__Work required__: Print all of the entries exactly, minus the pictures.

__Records shown__:
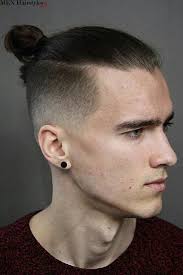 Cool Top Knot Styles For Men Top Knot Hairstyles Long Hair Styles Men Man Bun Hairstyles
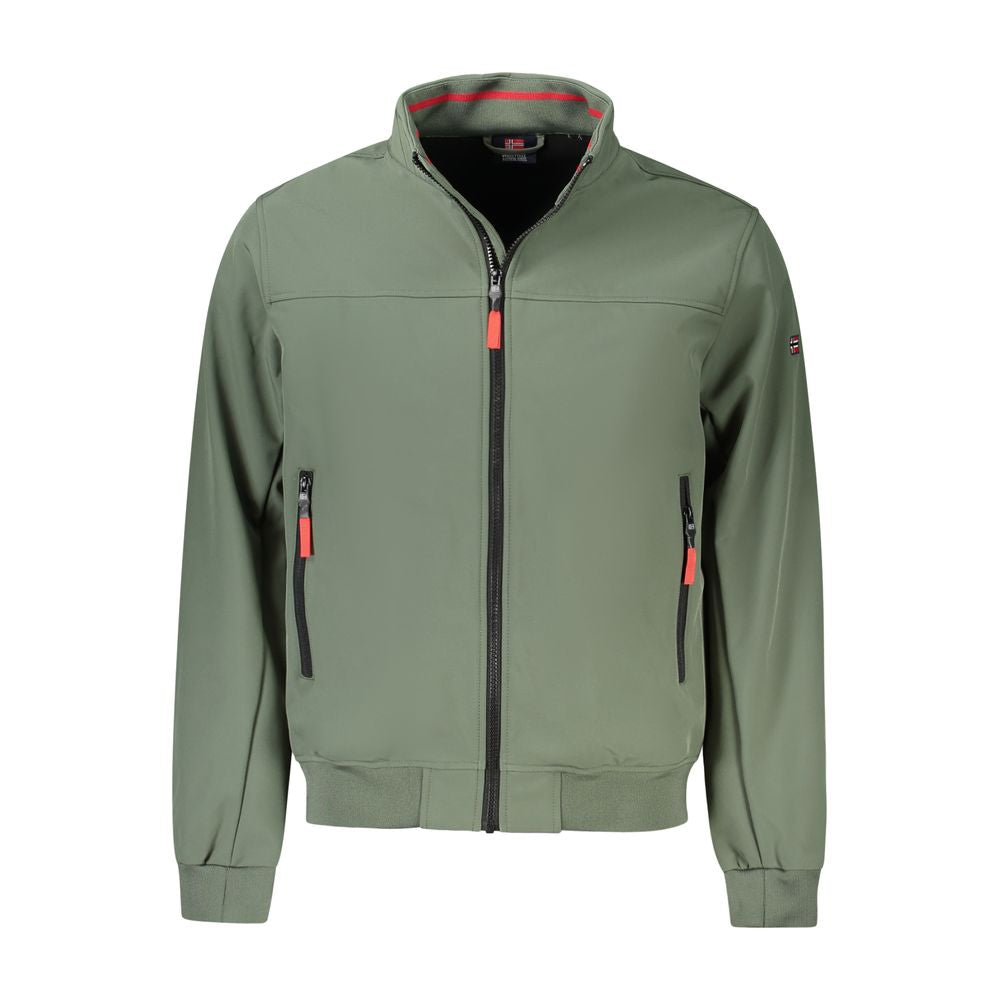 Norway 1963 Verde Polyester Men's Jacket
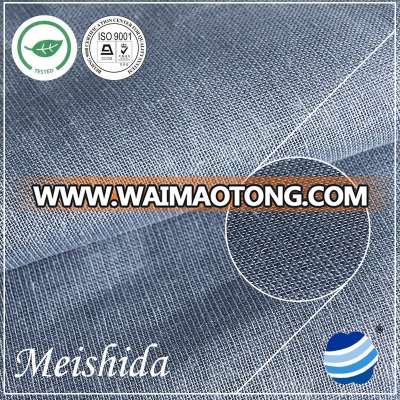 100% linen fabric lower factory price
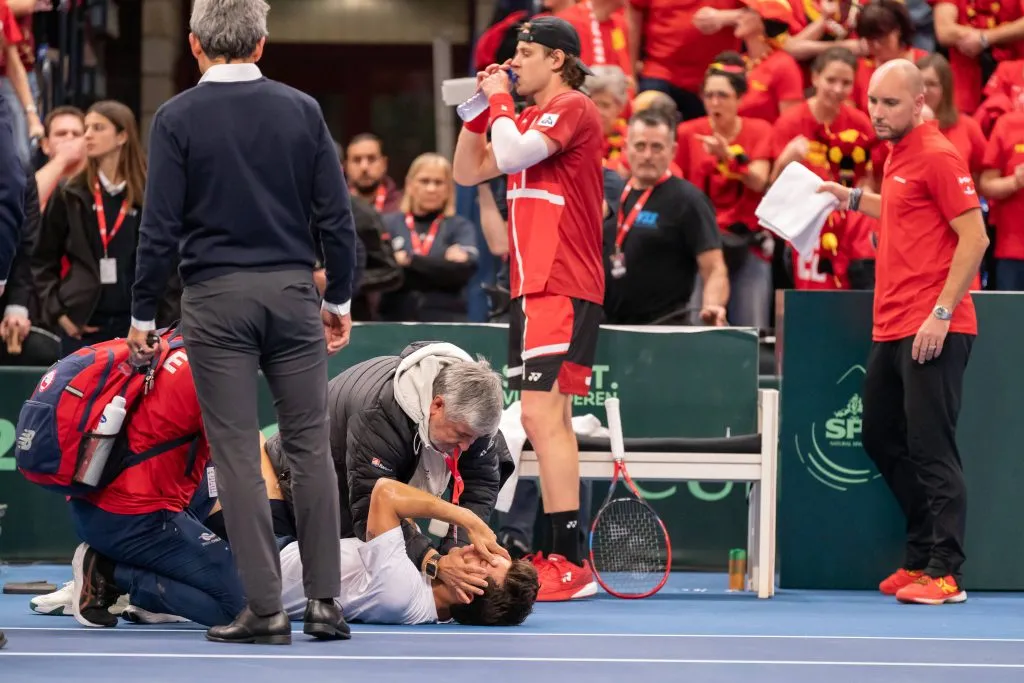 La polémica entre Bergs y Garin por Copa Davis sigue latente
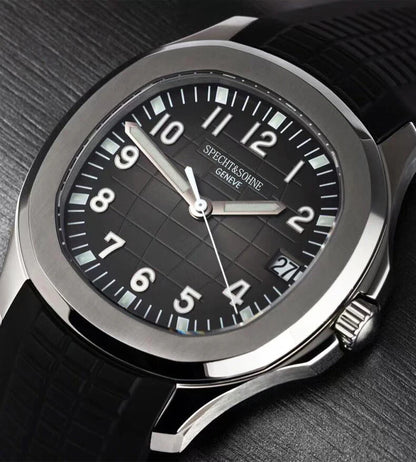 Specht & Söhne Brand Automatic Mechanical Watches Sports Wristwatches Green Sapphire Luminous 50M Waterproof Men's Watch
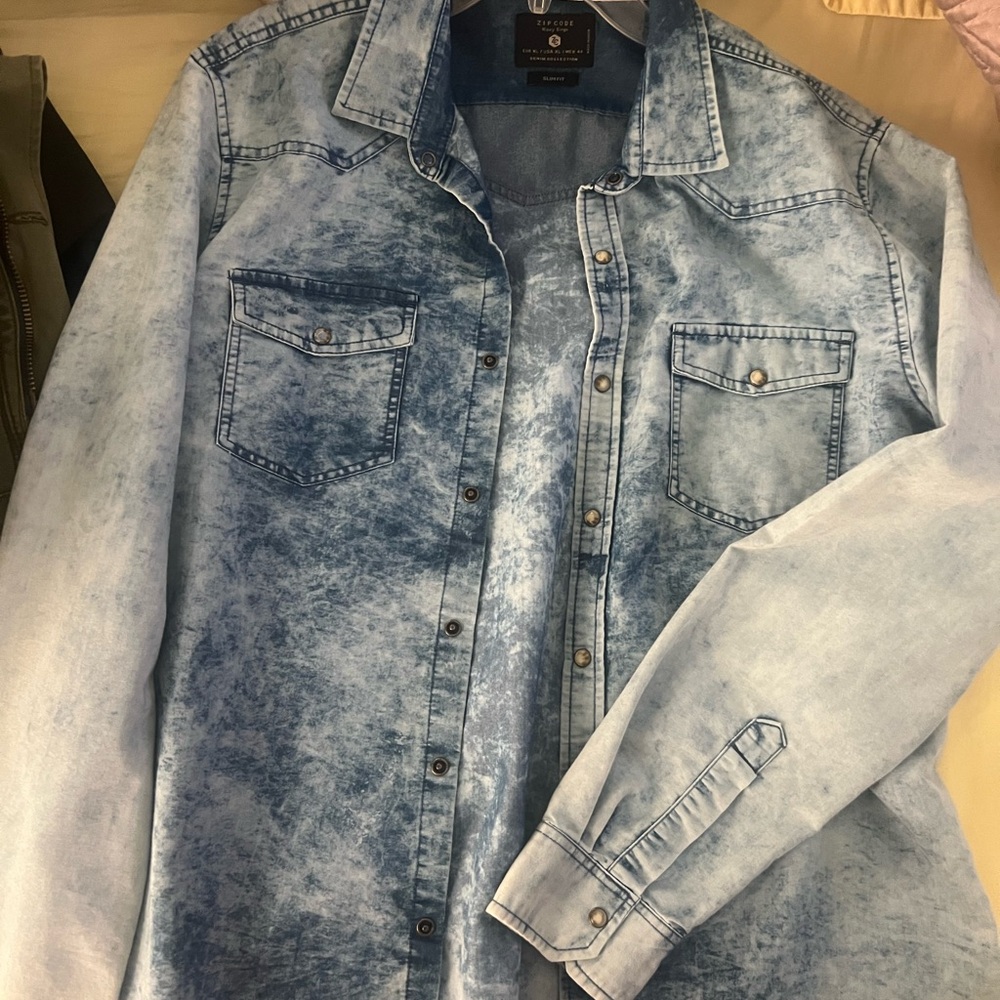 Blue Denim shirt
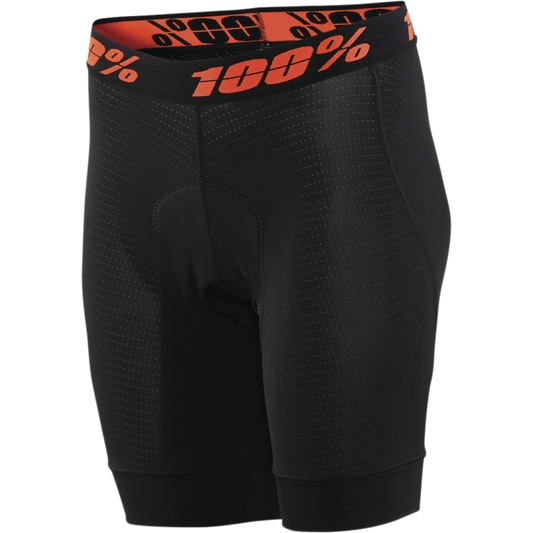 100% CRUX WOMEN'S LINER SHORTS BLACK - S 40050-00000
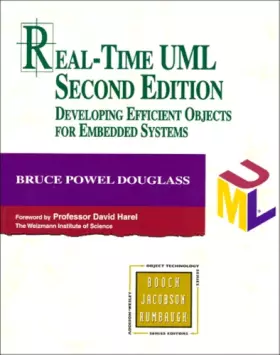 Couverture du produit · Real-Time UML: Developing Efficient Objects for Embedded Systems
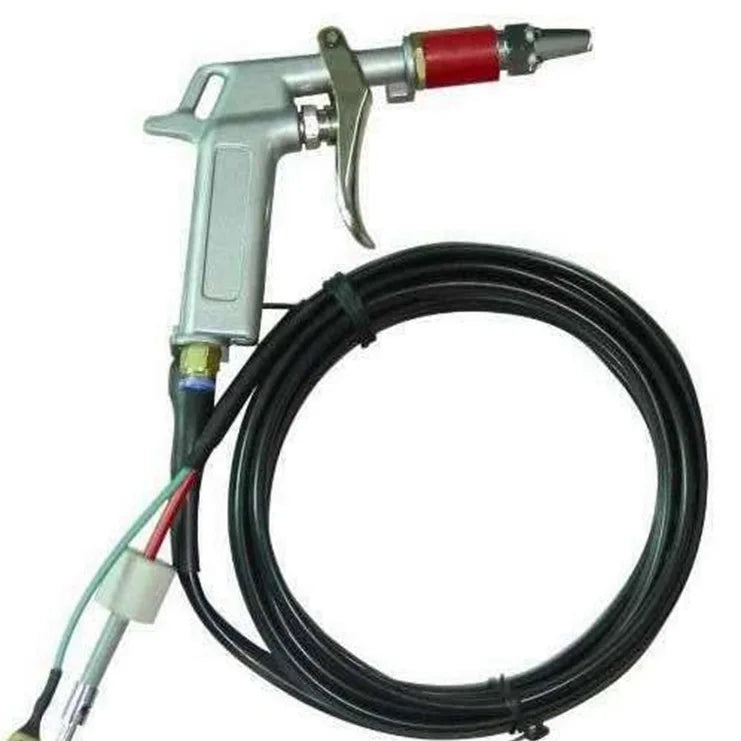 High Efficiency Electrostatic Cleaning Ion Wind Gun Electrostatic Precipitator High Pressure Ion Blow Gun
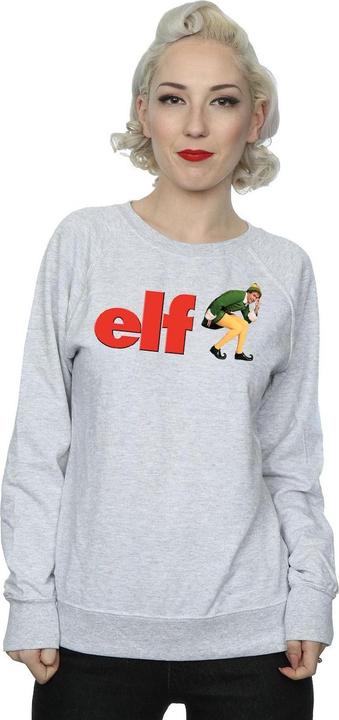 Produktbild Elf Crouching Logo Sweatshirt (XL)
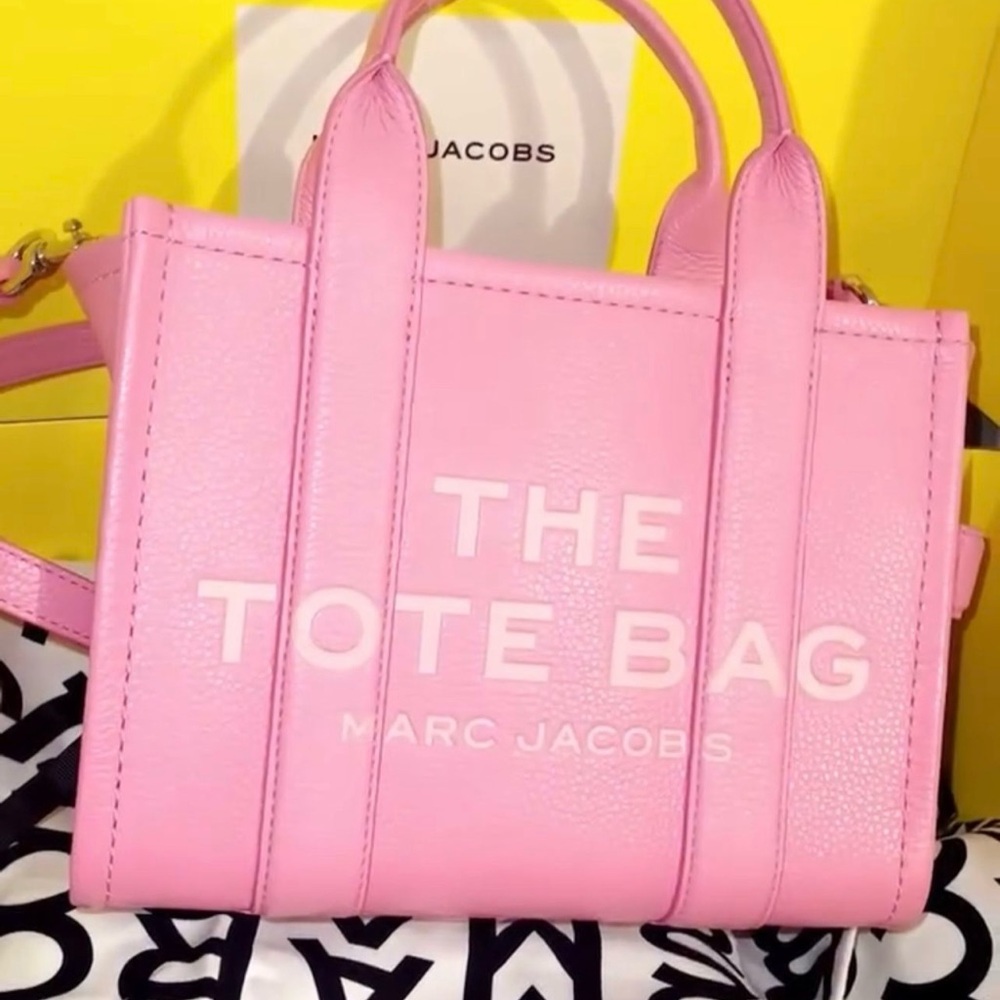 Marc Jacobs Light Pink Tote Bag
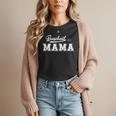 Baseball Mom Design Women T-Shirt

__Answer below__:
 Cool Top Knot Styles For Men Top Knot Hairstyles Long Hair Styles Men Man Bun Hairstyles
 Norway 1963 Verde Polyester Men's Jacket
 100% linen fabric lower factory price
 La polémica entre Bergs y Garin por Copa Davis sigue latente
 Specht & Söhne Brand Automatic Mechanical Watches Sports Wristwatches Green Sapphire Luminous 50M Waterproof Men's Watch
 Blue Denim shirt
 100% CRUX WOMEN'S LINER SHORTS BLACK - S 40050-00000
 Couverture du produit · Real-Time UML: Developing Efficient Objects for Embedded Systems
 High Efficiency Electrostatic Cleaning Ion Wind Gun Electrostatic Precipitator High Pressure Ion Blow Gun
 Produktbild Elf Crouching Logo Sweatshirt (XL)
 Marc Jacobs Light Pink Tote Bag
 Baseball Mom Design Women T-Shirt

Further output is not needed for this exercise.